◆ **INSTRUCTIONS TO FOLLOW**:
Your answer must be the lines from the one holding "trump putin protest, homophobia, signs" through the final line of the entries below, copied exactly, with no pictures.

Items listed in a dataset
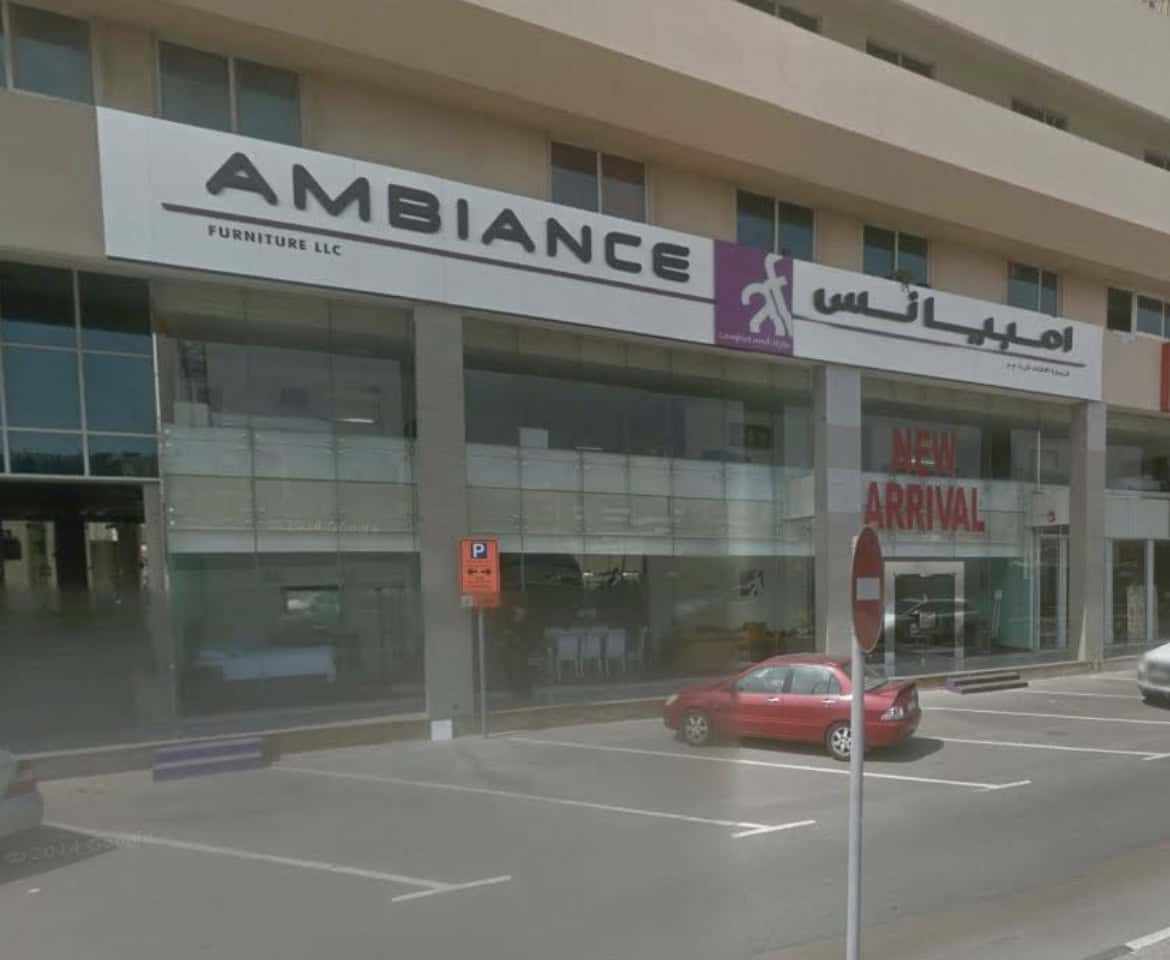 - Modern furniture store exterior branding signage for Ambiance Furniture LLC in downtown shopping mall.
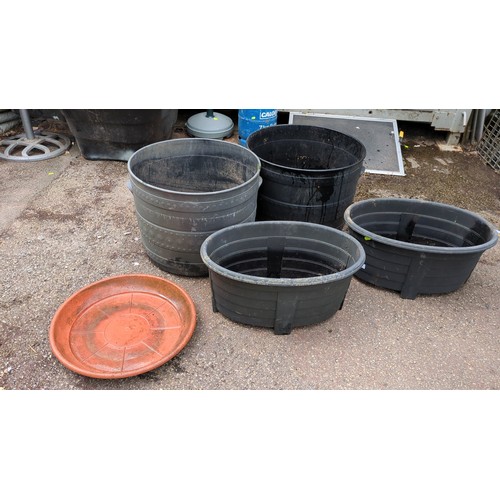 98 - A group of plastic garden planters comprising two large cylindrical tubs and two oval trough planter... 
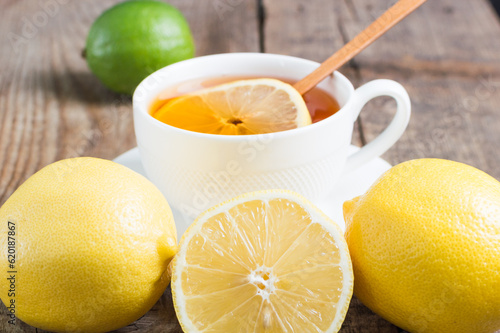 Tea for cold and flu with natural ingredients. Black tea with lemon and lime on wooden background.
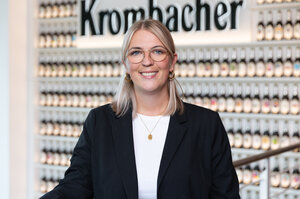 Frau mit langen, blonden Haaren trägt eine schwarzen Blazer und eine Brille. Sie lächelt in die Kamera.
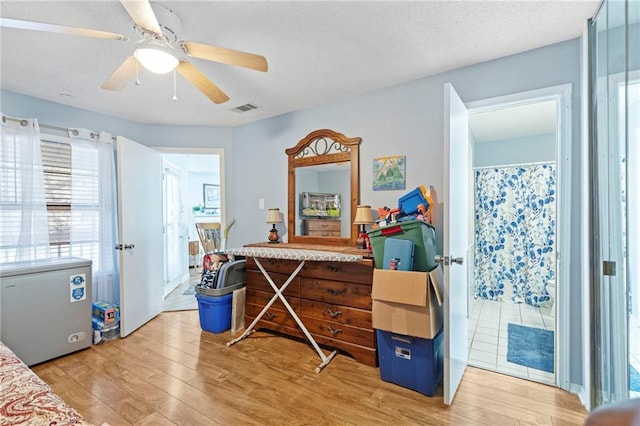 bedroom featuring white refrigerator, visible vents, a textured ceiling, and light wood-style flooring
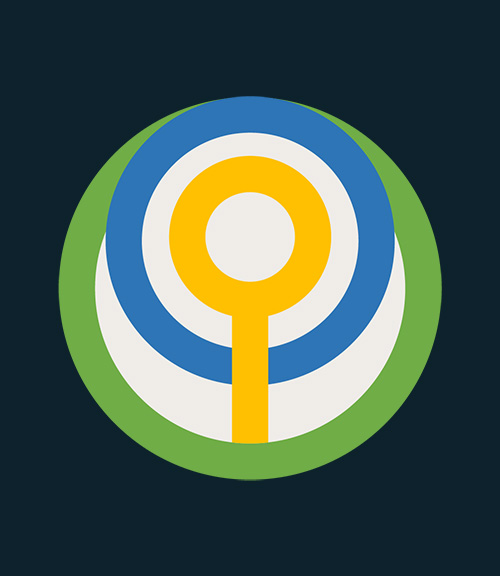 Circular badge of a magnifying glass icon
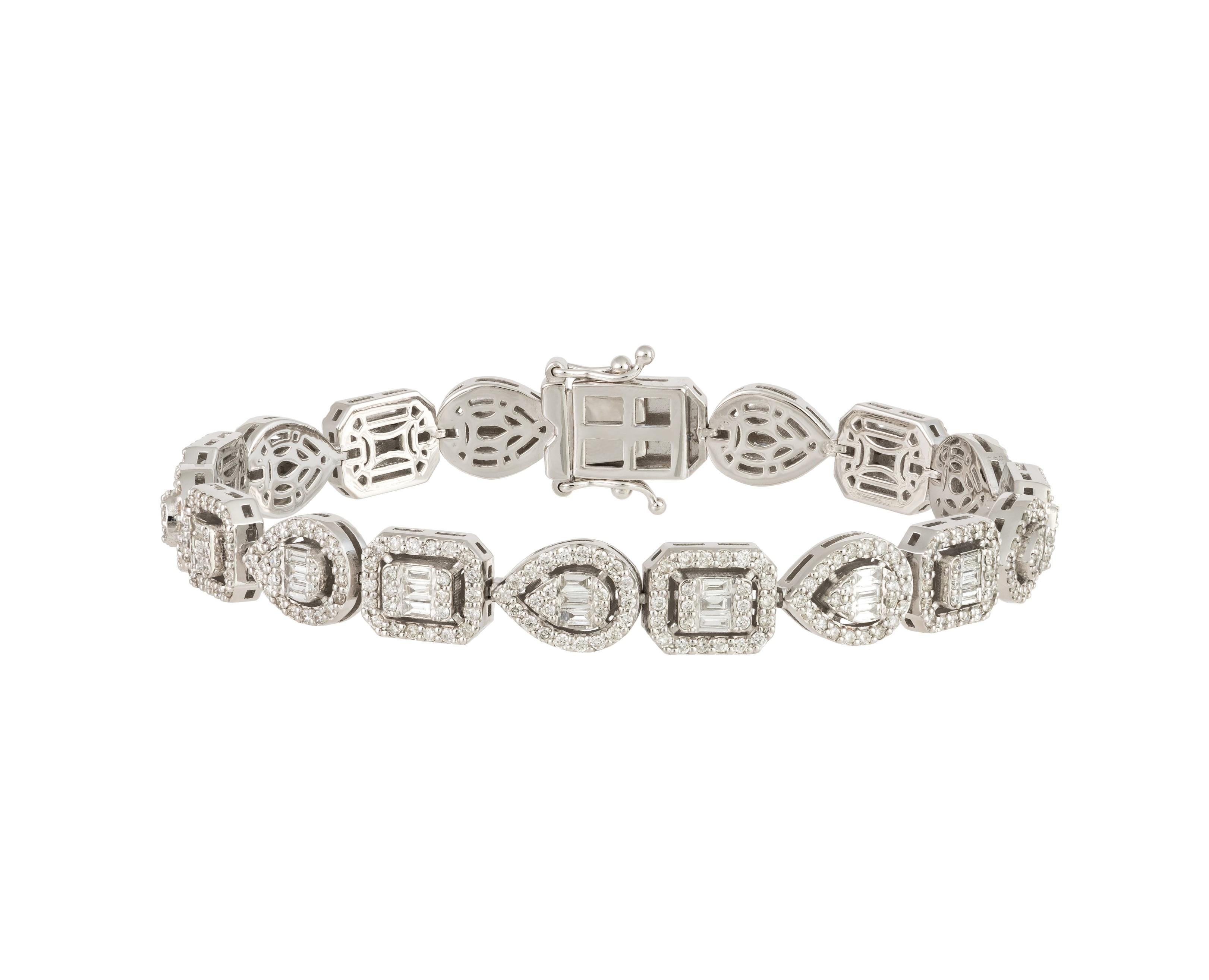 The Following Item we are offering is this Beautiful Rare Important 18KT White Gold Large Glittering Fancy Shaped Diamond Tennis Bracelet. Bracelet is comprised of approx 3.50CTS Magnificent Rare Gorgeous Fancy Glittering Diamonds!!! The Diamonds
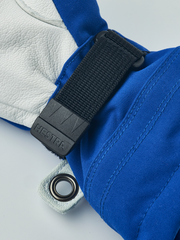 Hestra junior ski gloves in royal blue with black hook-and-loop wrist strap and ring detail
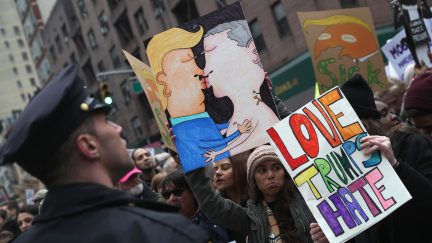 trump putin protest, homophobia, signs
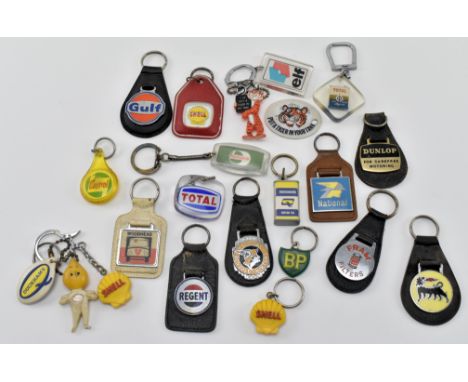 A mixed selection of vintage 20th century car key rings / chains or fobs. The selection includes a Tiger Esso example, Dunlop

◆ **TASK OUTPUT**:
 trump putin protest, homophobia, signs
 A mixed selection of vintage 20th century car key rings / chains or fobs. The selection includes a Tiger Esso example, Dunlop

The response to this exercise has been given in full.